Malpractice Lawsuits Less Likely When Doctors Apologize
Something as simple as an apology may reduce the number of medical malpractice lawsuits. It’s an innovative approach to a touchy problem.
Little Rock, AR (Law Firm Newswire) November 4, 2010 - “If your doctor said that he or she was really sorry about what happened to you, would you perhaps make the decision to not sue them for medical malpractice?” asked Michael Smith, an Arkansas personal Injury attorney. It seems that might just happen in some instances.
This is a new approach to doing medicine being implemented in the University of Michigan health system and is a deceptively simple program that has resulted in a dramatic drop in medical malpractice lawsuits. “What does it involve? Well, oddly enough, the program promotes medical professionals taking complete responsibility for any medical error they made and acknowledging it was an error. Evidently, malpractice suits have dropped by 60 percent,” Smith said.
This new way to practice medicine is patterned after the Texas program dubbed “Sorry Works,” and it seems to be working well for the University of Michigan. The program sees those who have made medical errors admit to the error, say they are sorry for the mistake, implement procedures to avoid it happening again and offering reasonable compensation for any harm caused. This simple, yet effective approach has diverted a lot of malpractice suits.
“Stop and think about that one for a minute. If you had come to harm at the hands of your doctor and they in turn denied responsibility and liability for the error, how would you feel? Most patients would feel victimized and want to sue to recover compensation for their medical bills, pain and suffering, etc,” said Arkansas accident lawyer Smith.

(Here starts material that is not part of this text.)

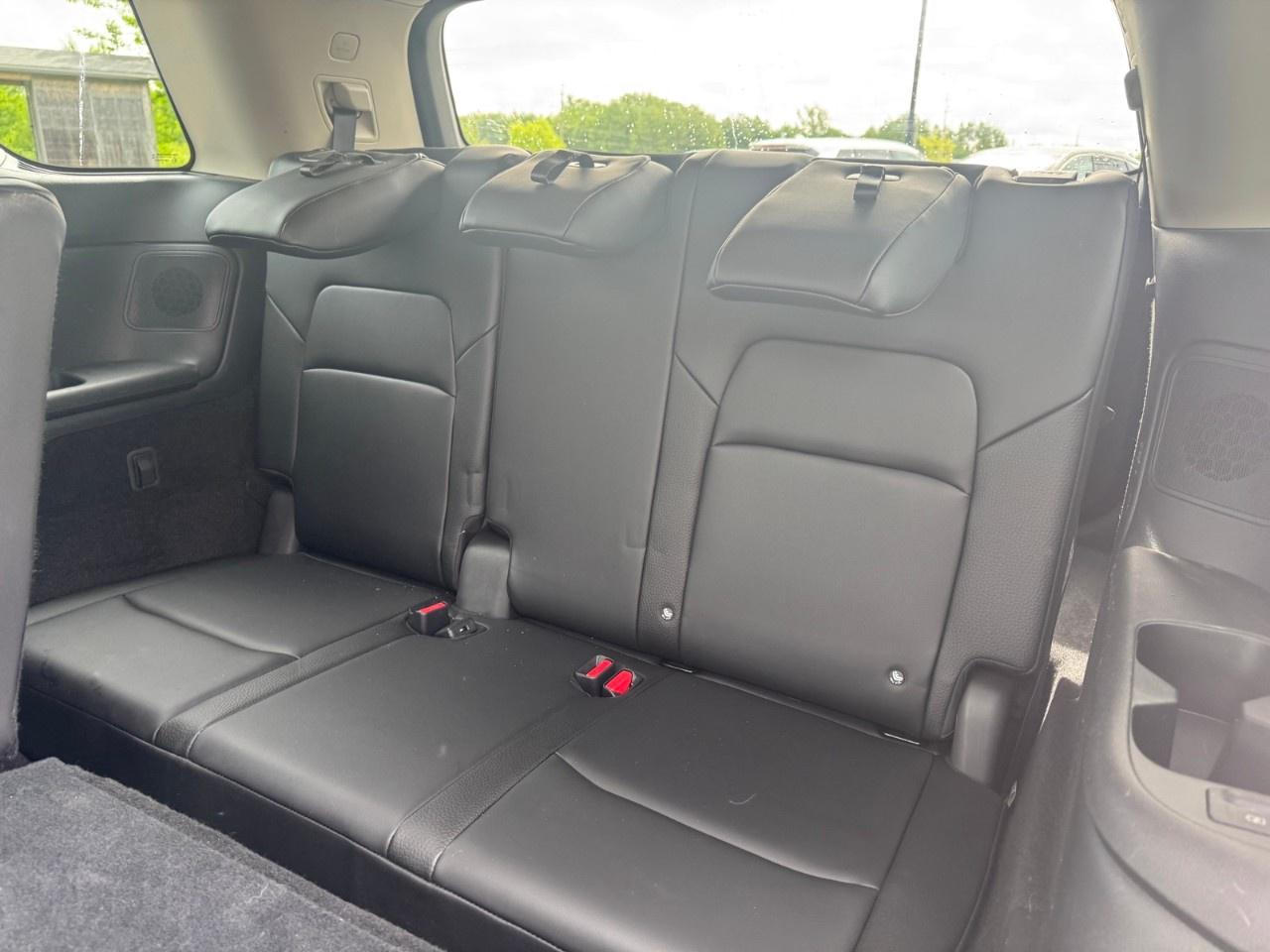 2023 Nissan Pathfinder SL 4WD Photo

“On the other hand, if the doctor came to you and said right upfront that they made a mistake and were very sorry for it and worked to ensure it never happened again and even offered you compensation, what would your reaction be?” he asked. Chances are, if a patient injured at the hands of a medical professional gets a heartfelt apology, they won’t sue. Human beings appreciate sincerity and honesty, even when it comes to medical mistakes that may have harmed them.

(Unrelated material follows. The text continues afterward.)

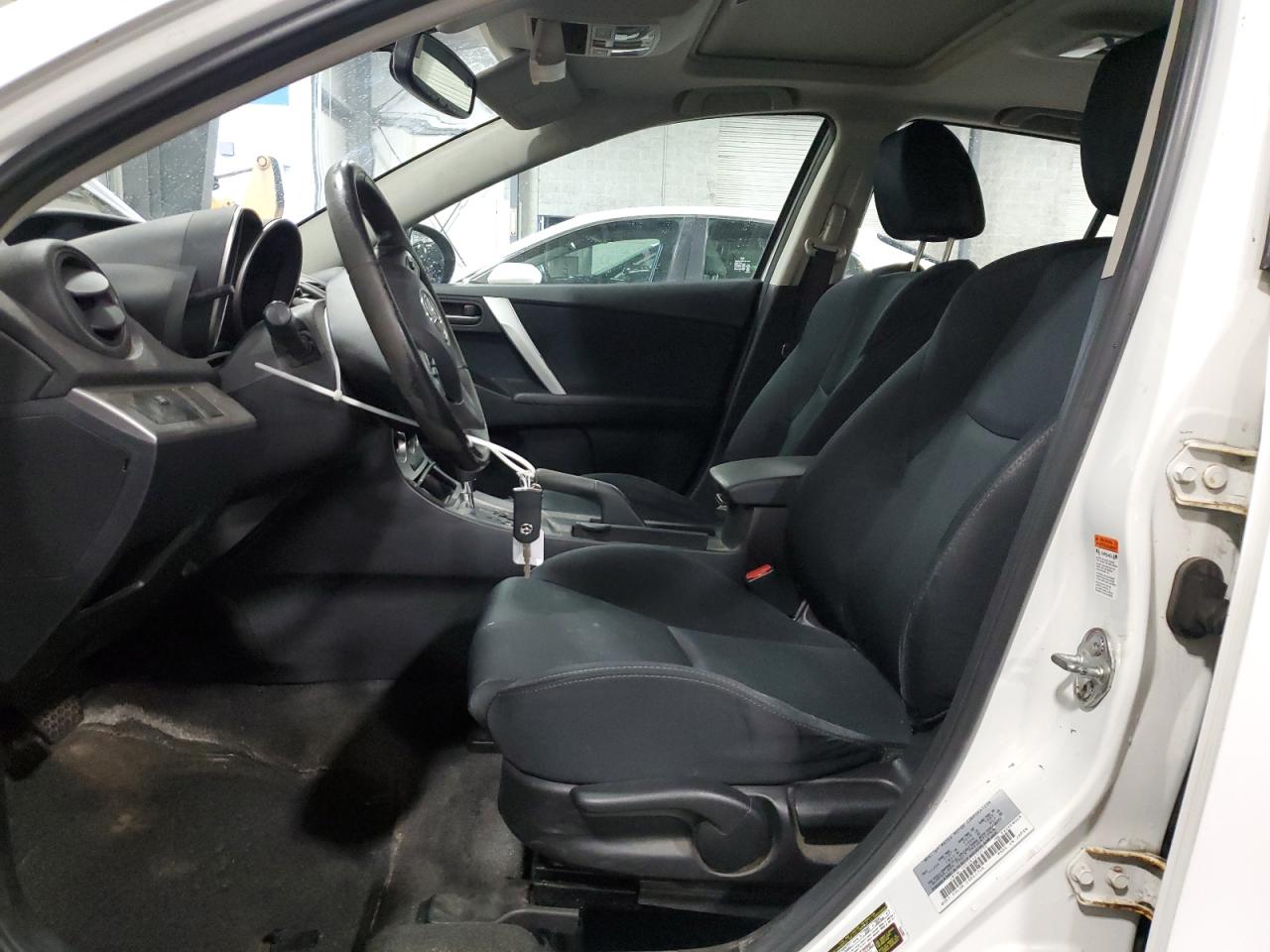 2010 Mazda 3 S VIN: JM1BL1H53A1250575 Lot: 92096945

This kind of an open approach to dealing with malpractice is a refreshing change from the deny everything routine and hiring the best defense lawyers going to squash the claim and the claimant. All victims really want is for someone to take responsibility for their mistakes, and that includes medical professionals – who are, after all, human beings who can and do make mistakes.
When it’s evident a mistake has been made and the doctor/nurse denies it, many patients seek legal redress out of desperation and a sense of being wronged. “Which, when you mull that over, makes perfect sense.
It’s being betrayed by someone you are supposed to trust and when they don’t take responsibility for their screw up, it hurts, angers, aggravates and drives people to sue,” Smith said.